It is not by accident that the average Maldivian’s life expectancy has jumped from under 45 years to over 76 years today since tourism was introduced.
When opportunistic politicians and clerics decide at their convenience that the bedrock of the country’s economy is no longer halal, then perhaps they owe the Maldivian public an alternate economic plan that does not involve alcohol or non-Muslims.
The last time any politician even attempted to offer such an alternative was when Adhalaath party leader Mohamed Shaheem Ali Saeed, then State Minister of Islamic Affairs, pointed out in March 2010 that the Intercontinental Hotel in Medina drew thousands of visitors every year, despite serving no alcohol.
Fortunately, it doesn’t take the Nobel Committee to figure out that the holy city of Medina would continue to see hundreds of thousands of visitors irrespective of whether there’s any alcohol – or even a hotel for that matter.

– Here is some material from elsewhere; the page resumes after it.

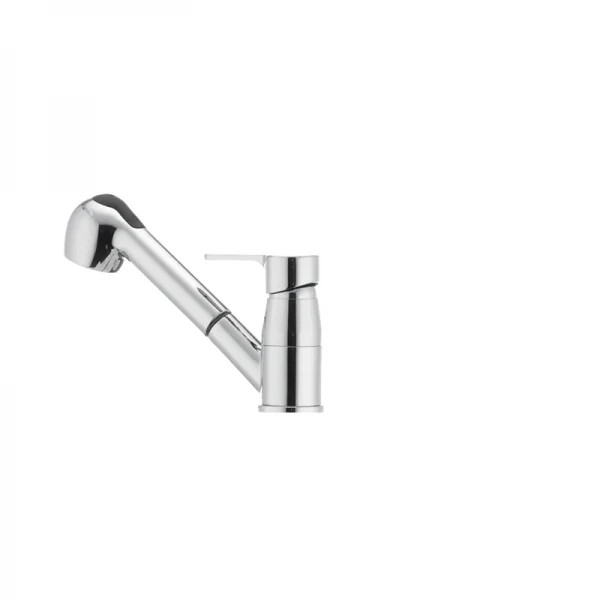 Смеситель для кухни с выдвижной лейкой Ibergrif Square M14522 (IB0028)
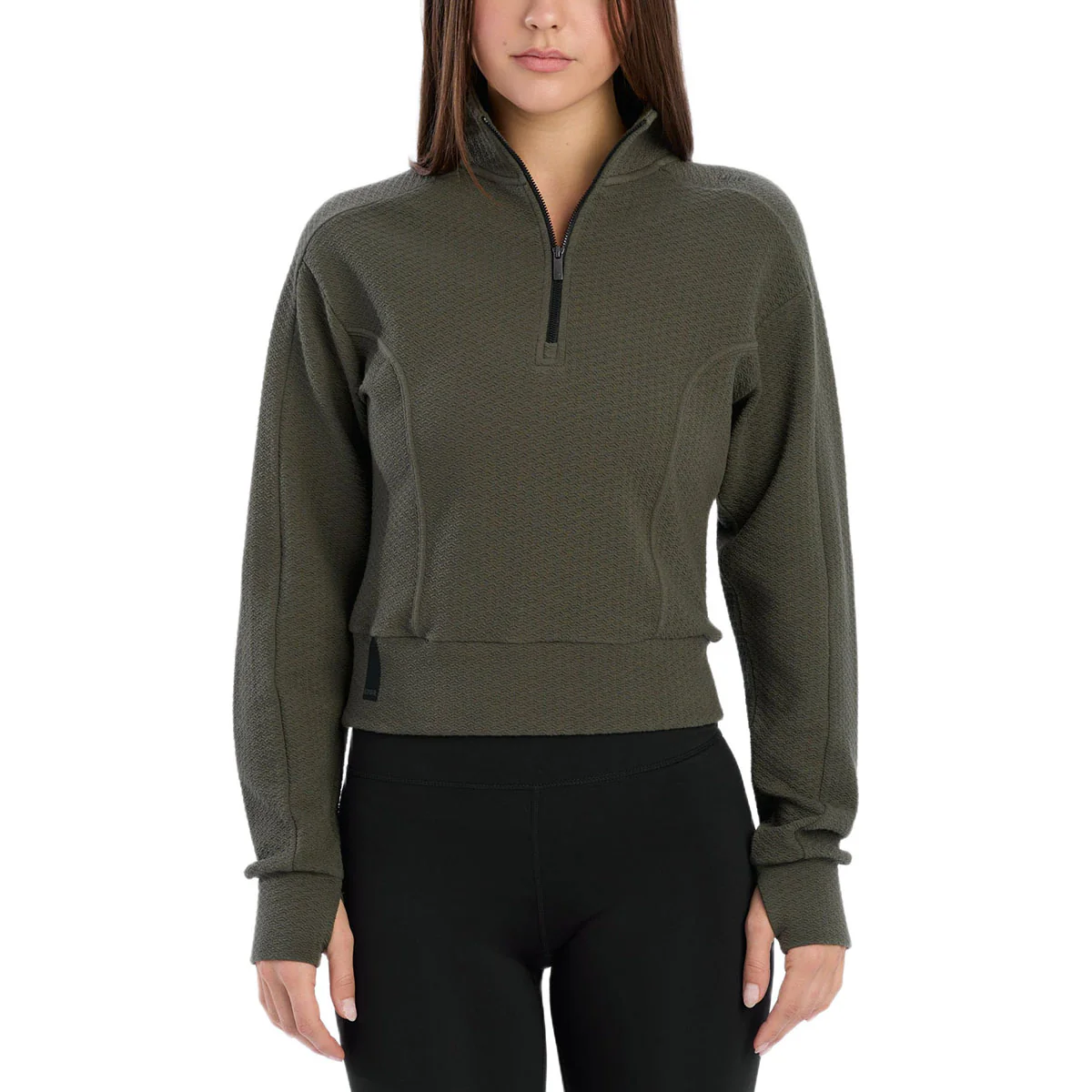 UNRL Women's Grove Elevation Half-Zip Pullover - Image 3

If only Sheikh Shaheem would clarify how he intends to replicate the ‘Medina hotel’ model of economic development in the Maldives, the issue of alcohol laced tourism would be forever settled.
Rewinding the clock
There are, of course, orthodox clerics who outright condemn the idea of progress itself, and advocate just living off the fish from the sea.
But would Maldivians who today complain of the rising prices of coffee willingly go back to living in huts, defecating by the sea, and starving in stormy weather?
In the 21st century, the nations of the world are interconnected and interdependent in ways that simply weren’t true a hundred years ago.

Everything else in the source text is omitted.